When people hear "Netflix engineering" or "Netflix tech stack" more they often think about microservices, AWS, continuous deployment. Those are definitely worth its mention and its fame. Yet that’s only one side of Netflix infrastructure. AWS-services are used for "dynamic" parts of Netflix experiences — service API requests for personalized recommendations, title discovery, UI customization, etc.
Another critical part, video streaming, is handled by an in-house CDN, called Open Connect, serving around 15% of the world's Internet traffic (and over a third of US downstream Internet traffic at peak). Open Connect today is a widely distributed network of thousands of servers, all around the world, well connected to Internet Exchange locations and Internet Providers. That is one of the critical components of the Netflix streaming experience, different from our operations in AWS.
There have been many excellent talks done about both Netflix operates in the cloud or scales video delivery, hence this proposal is NOT about those topics.
This proposal is about a system that my team engineers and operates. It leverages the power of globally distributed CDN infrastructure to better manage interactive API requests between Netflix clients and AWS endpoint. Its goal is to make network requests faster, more reliable and easier to control. The main goal of the talk, however, is not about the problems and solutions themselves (which would require a good bit of networking knowledge), but about the principles, we’ve followed to design, implement and deploy the system. The principles that allowed us to beat the speed of light, make the Internet faster for Netflix customers and yet have minimal reliability risk, on-call burden or engineering costs.

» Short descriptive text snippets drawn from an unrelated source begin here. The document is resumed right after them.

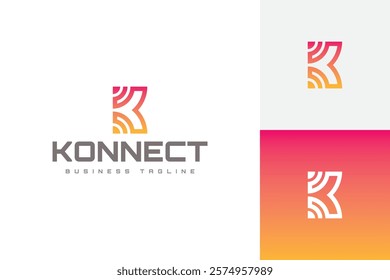 connect technology k letter logo vector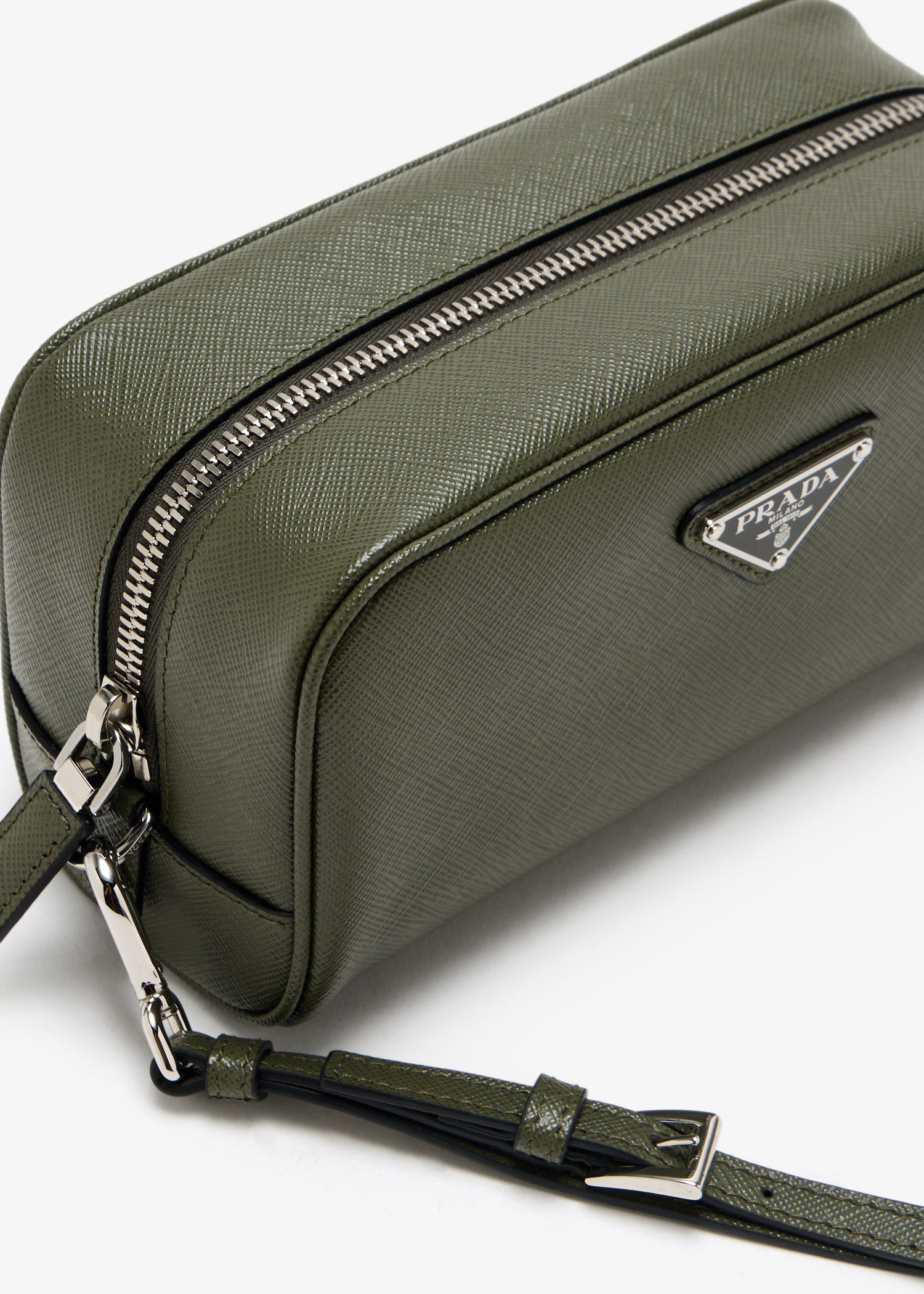【関税&送料込】Prada Biscuit Fabric Pouch Prada Leather Pouch | Saks Fifth Avenue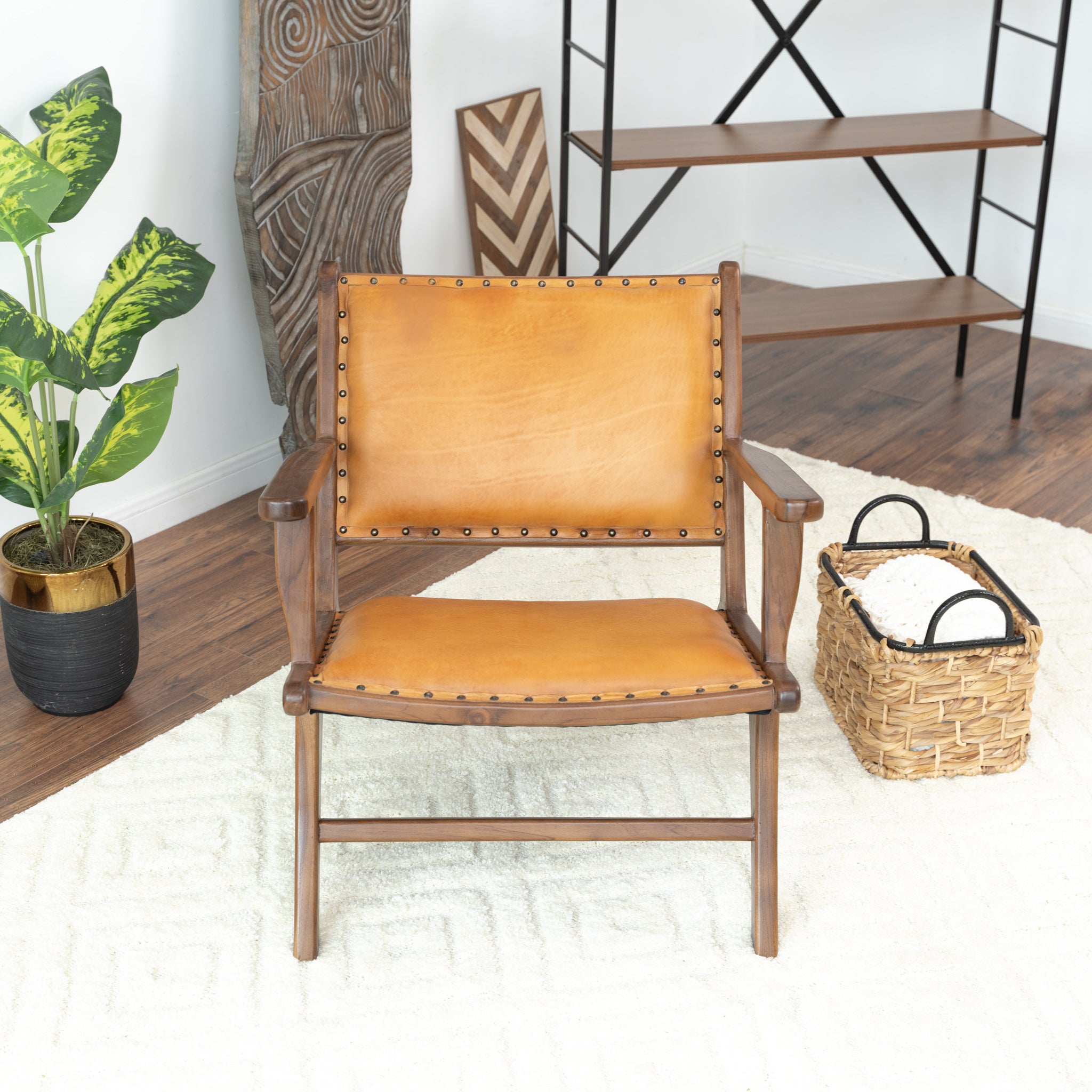 Makasar Leather Arm Chair - MidinMod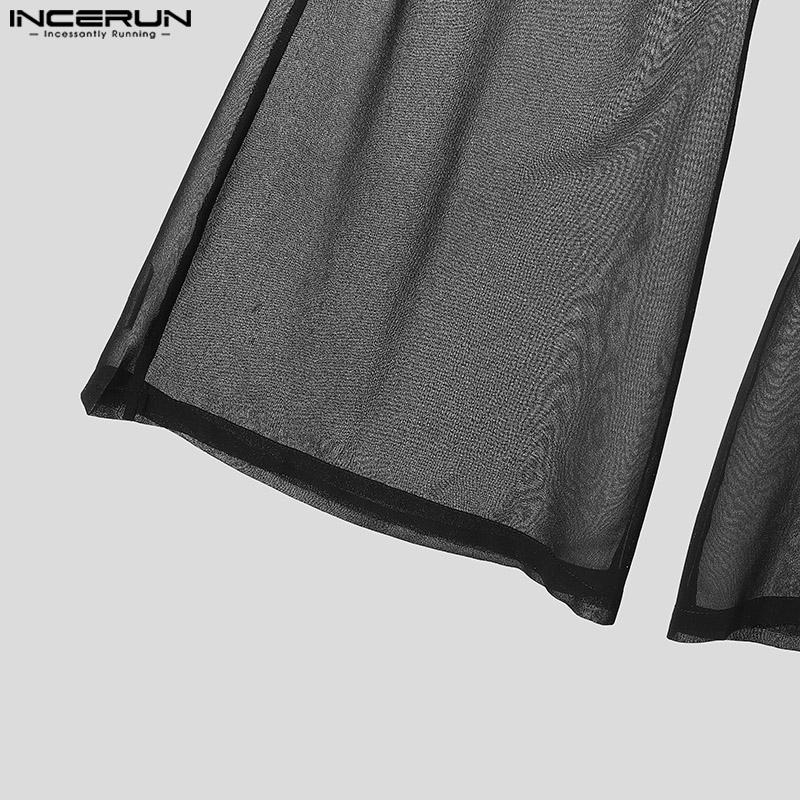 INCERUN Мужские эластичные брюки-бабочки с резинкой на талии, сетчатые, прозрачные, повседневные, длинные, кружевные брюки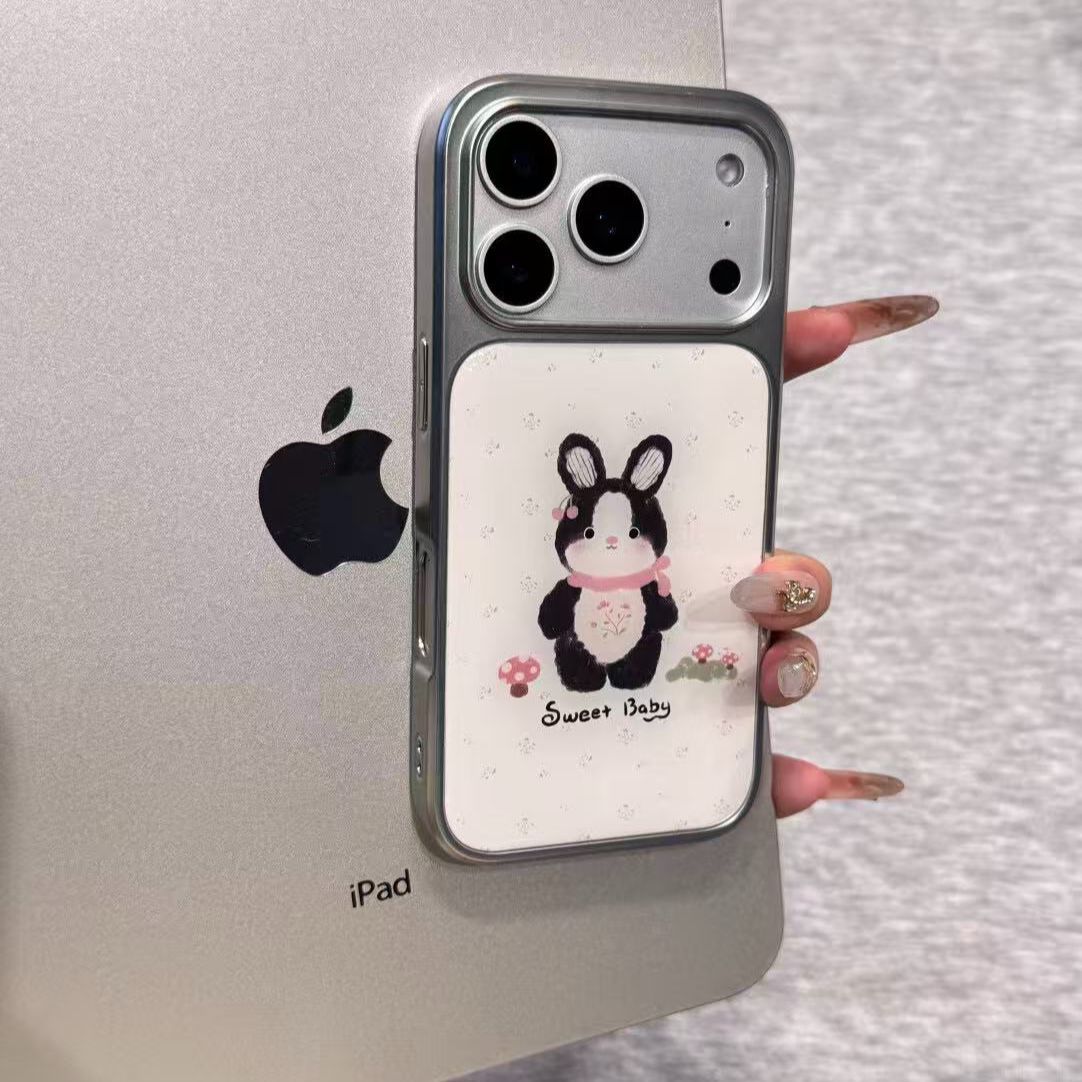 新款韩系黑色小兔滴胶手机壳适用苹果17pro小米15reno14/9华为p70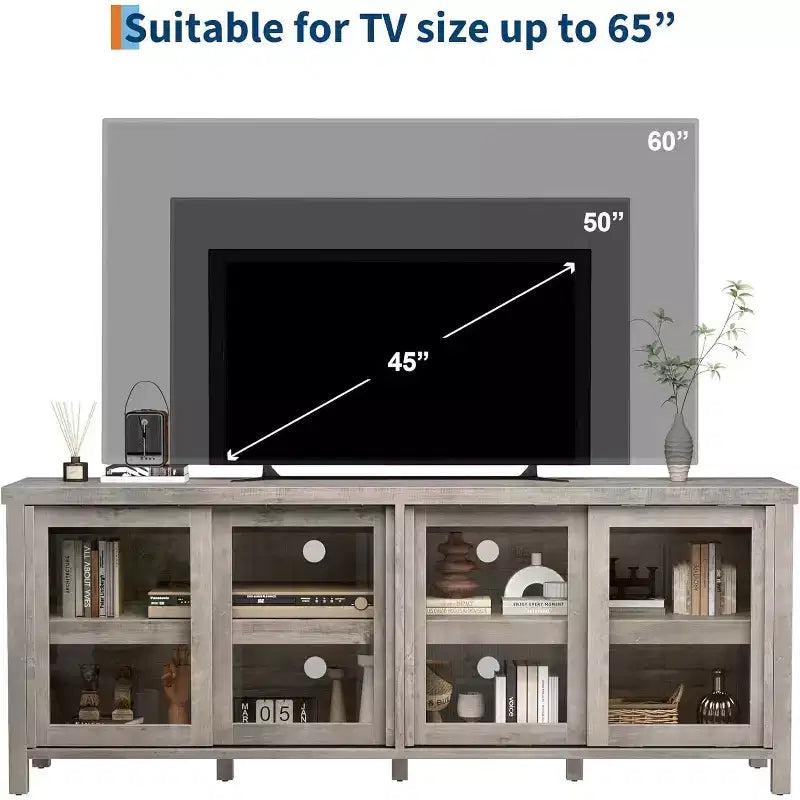 Mobile TV Moderno di Metà Secolo Retrò Grigio/Nero con 4 Ante Scorrevoli in Vetro, Adatto a TV fino a 65"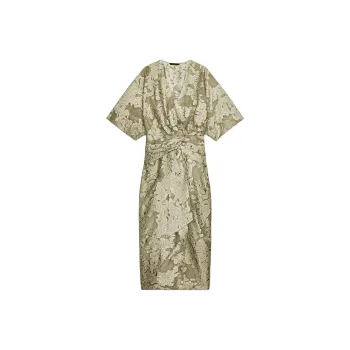 ZARA Short Sleeved Dress Women's Medium Green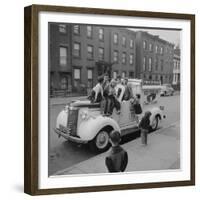 Children Sit on the Ice Cream Truck in Brooklyn-Ralph Morse-Framed Photographic Print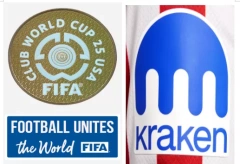 club world cup 25 usa badge & football unites the world (blue) badge & kraken sponsor（atletico madrid home）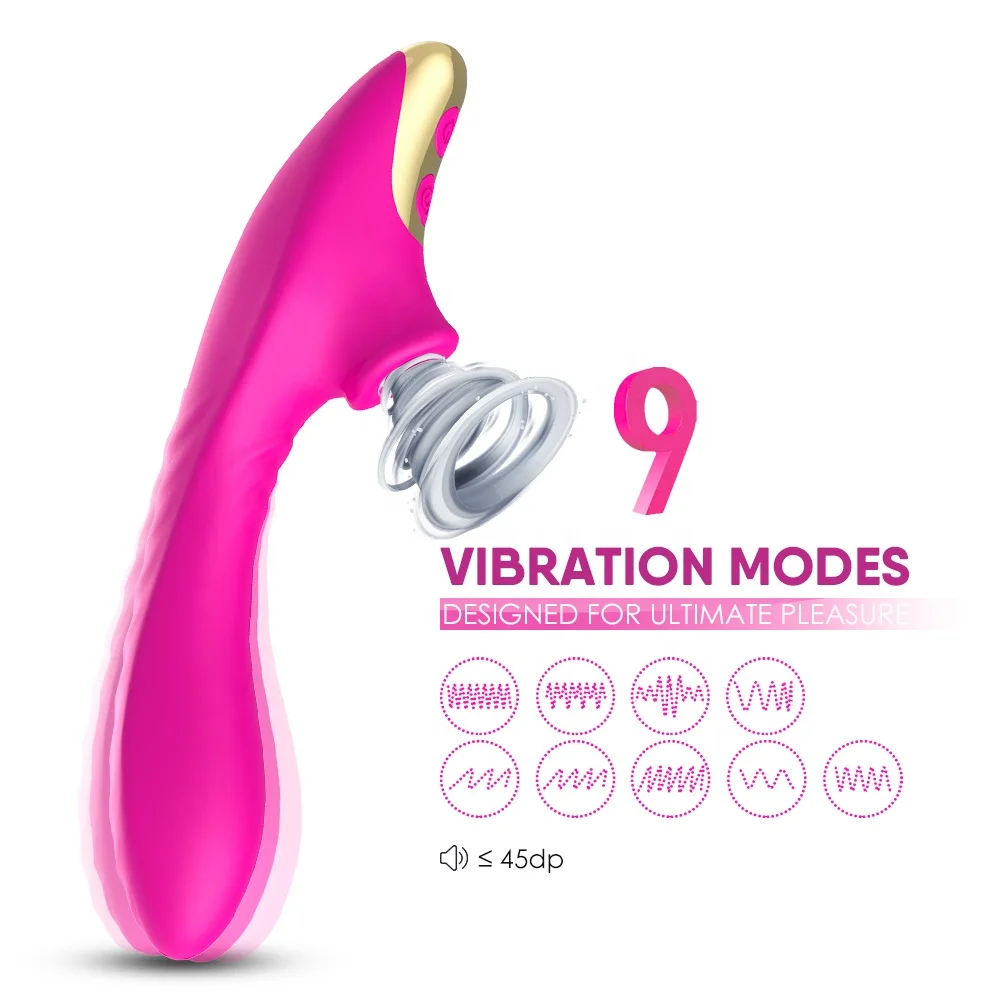 Hottest Design rechargeable dual motors 9 speed female c-spot sucking clitoral vibrators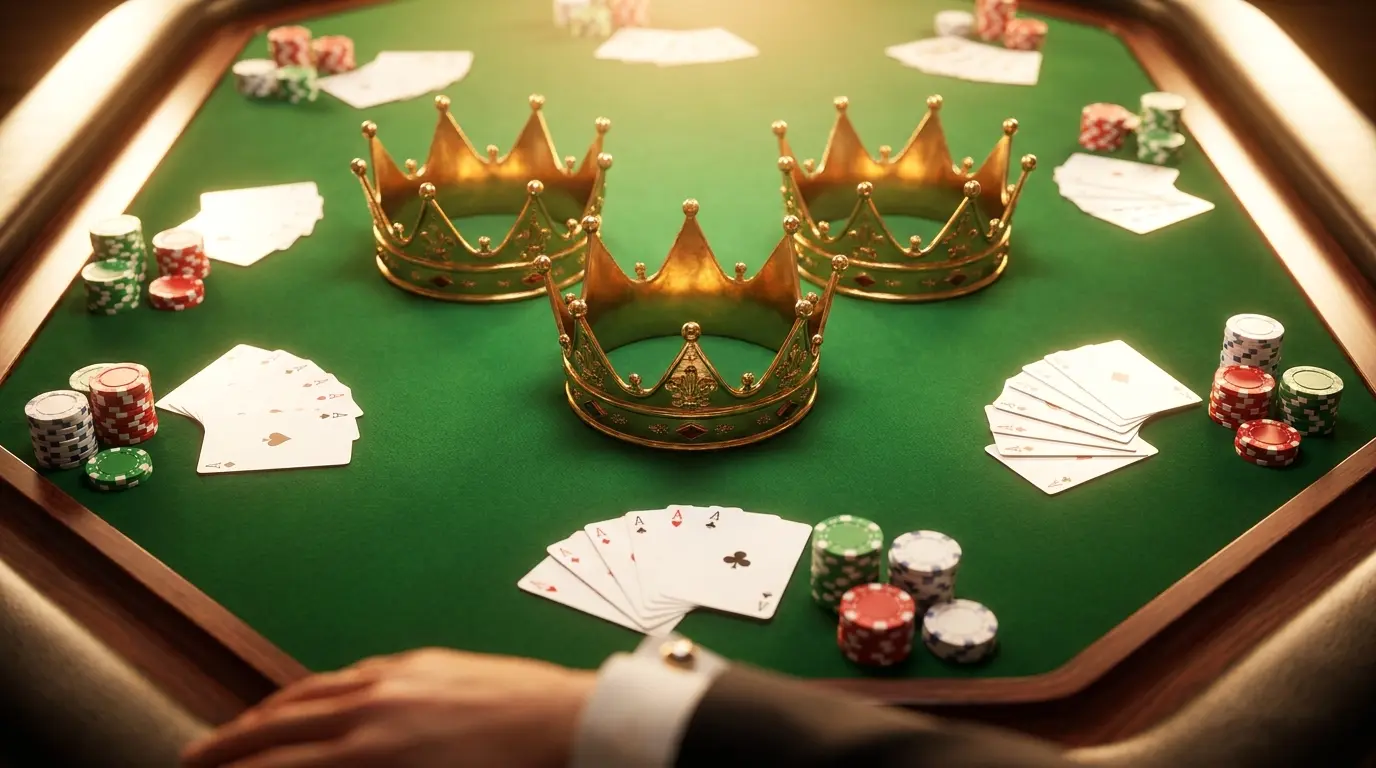 Tres coronas doradas sobre mesa de casino con fichas y cartas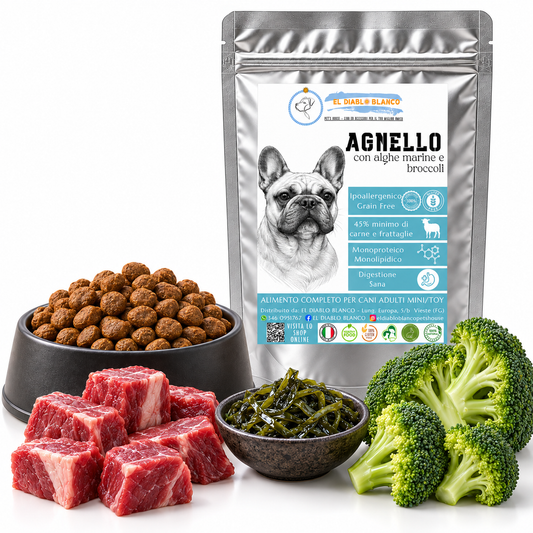 Cibo Naturale Monoproteico Agnello con Alghe marine e Broccoli 🐑🌿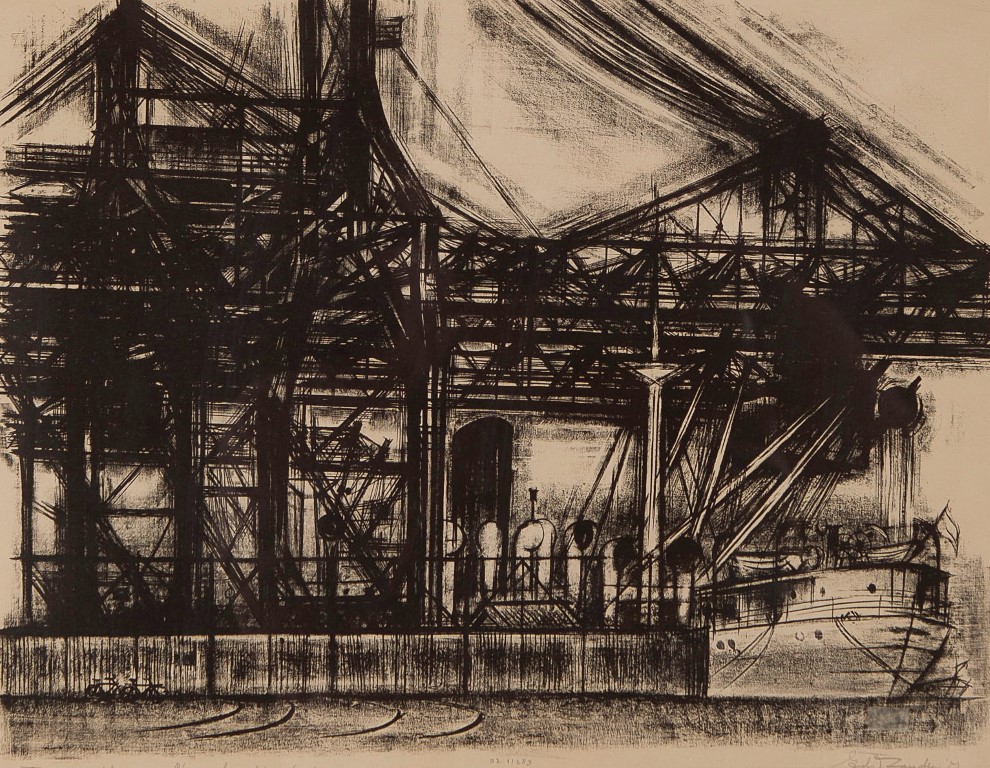 Eduard van Zanden -  Transportkranen Rotterdam - Houtsnede op papier - BKR Rotterdam kopen? Bied vanaf 10!
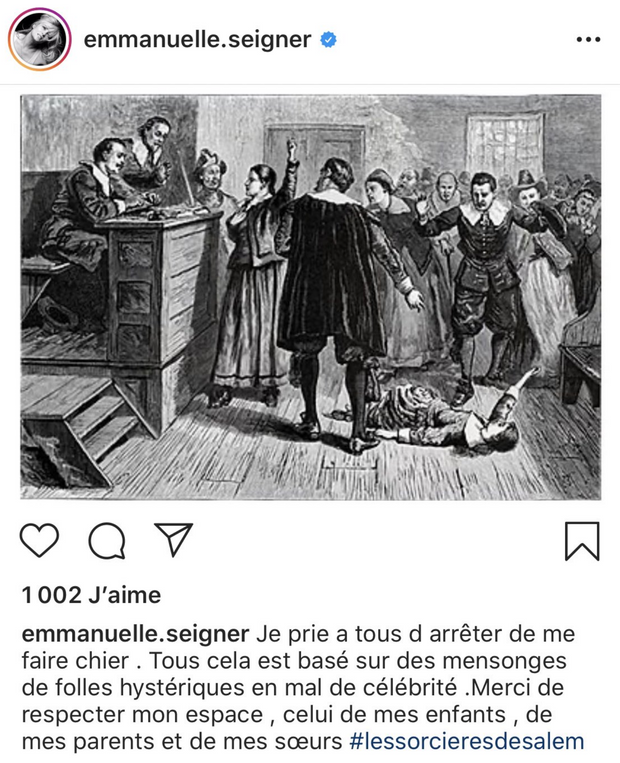 Publication d'Emmanuelle Seigner sur Instagram le 29 février 2020 Publication d'Emmanuelle Seigner sur Instagram le 29 février 2020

A quick context on the problem and the solution: while video traffic is served from an Open Connect location typically close to a client, dynamic API requests still go all the way to AWS data centers in North America and Europe. Even with the speed of light, it takes quite a long time to go from Australia to North America over the open Internet. So here is a gist of a solution — proxy API traffic through our Open Connect servers and use a number of smart transport, network, and routing tricks to make them run faster.
The idea seems simple enough and after a quick primer on the fundamentals of network protocols and Internet architecture, it makes total sense. However, making sure we can have observability and control of the traffic is when things get scary (or exciting, depending on whom you ask).
Netflix API load is no joke — AWS servers receive millions of requests per second that we would migrate over to our infrastructure. On its way to the closest AWS location, traffic would start on a wide variety of Netflix devices (including 10-year-old Blu-ray players), proceed over the last mile (should I mention microwaves or concrete walls?) into ISP networks and then, proxied via one of the thousands of our CDN servers worldwide, hit an endpoint backed by hundreds of microservices in AWS.
We would have to use DNS, Anycast, and BGP to steer traffic in the network — all the good stuff that allows the Internet to survive a nuclear attack, but was not built with observability and control in mind.
Having thousands of types of devices on one end of the wire, hundreds of microservices on the other, and the Internet in the middle, you have a situation when many, MANY things can (and almost certainly will) break at any moment.
When things break, finding and fixing the root cause is not a trivial task even if you fully control your system. In our case, we have many moving parts outside of our control (ISP steering changes, OS updates, client releases, AWS service deployments, AB tests) so we are up for a big challenge — troubleshooting becomes the exercise of tracing a needle in a haystack, while being blind, deaf, and one-handed (I could go on, but let’s stop here). Needless to say (pun intended), when you run a service that is in the middle of every app request, you better be quick — you be the first to be called when things go south.
So what if I tell you that our whole API acceleration system is being developed and operated by a team of 3 engineers? That we have only a handful of critical alerts that can page us (and most weekly on-calls end without a single page). And despite all that, production traffic started to flow through this system after only about half a year’s work, that we perform dozens of network routing experiments at a time and have scaled the system to handle millions of RPS of service-critical Netflix API requests.
This is a talk about our approach to system design, monitoring, and operations that make all of this possible. Gives us confidence that our system is functioning properly. And when things break — guides us through the sea of unknown (or tells us that it’s not our sea). It is about tools we had to build or tune, metrics we chose, engineering practices we followed, and mistakes we made along the way.
While our PROBLEM DOMAIN is quite unique and might only apply to a few companies, the fundamental PRINCIPLES that allow us to make big changes and still sleep well at night can be applied universally, in both legacy mega-corp or disruptive startup. This talk will show how you can learn from our experience and apply the same principles in your system — so you can focus on the evolution of your service and stop being horrified by an on-call week.
Program committe comment:
Do you want to sleep well at night? Come to this talk, learn principles which can be applied to different companies and make your life easy.